Poor Edward; he was obviously struggling to keep it together before the medals ceremony. That poor guy, my heart goes out to hiim. What a wonderful partnership he's had with that horse, and he's only 10 so the best is still to come. He's worked so hard to achieve that partnership, and now this bombshell. One wonders how he'll go for someone else though. How heartbreaking. Echo what on earth are the dutch team thinking of?


----------



## sakura (29 September 2010)

I so hope he's just there short term for breeding purposes, what a waste that would be otherwise


----------



## Bosworth (29 September 2010)

look on the front page of HHO it states that Edward Gal denies Totilas has been sold. 
What is going on?


----------



## zefragile (30 September 2010)

The commentator really should not have said that unless they knew it was true.


----------



## PippiPony (30 September 2010)

Same rumou went round after Windsor Europeans.  The owbners then said he would not come up for sale.
I imagine they will make an announcement one way or tother later today.


----------



## thinlizzy (30 September 2010)

If he has, its all down to money at end of the day and you never know he might have a health issue if retiring early ?


----------



## Tempi (30 September 2010)

Totilas is NOT sold! Its the same old rumour again....

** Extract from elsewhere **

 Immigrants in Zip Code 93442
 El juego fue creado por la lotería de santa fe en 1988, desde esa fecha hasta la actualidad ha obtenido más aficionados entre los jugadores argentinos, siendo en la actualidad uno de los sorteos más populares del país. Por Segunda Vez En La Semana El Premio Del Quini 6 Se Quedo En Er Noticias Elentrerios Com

http://www.eurodressage.com/equestr...special-gold-no-gamble-edward-gal-and-totilas


----------



## Over2You (30 September 2010)

Blooming commentators!! Why can they not get their facts straight?? Announcing something like this without even having it confirmed is very unprofessional. They had better apologize for this gargantuan mistake!


----------



## Paint it Lucky (30 September 2010)

Thankyou Tempi!  So glad I read this thread, had been worrying all might about it.  Totilas is such a wonderfull horse it would be awfull if he got sold off into obscurity and Edward has done such an amazing job with him, he deserves to keep the ride.


----------



## pinktiger (30 September 2010)

so he isnt sold?????  i totally believed the commentator when he said something along the lines of ' totilas sold and will be staying in the USA'  Duh!!!!!


----------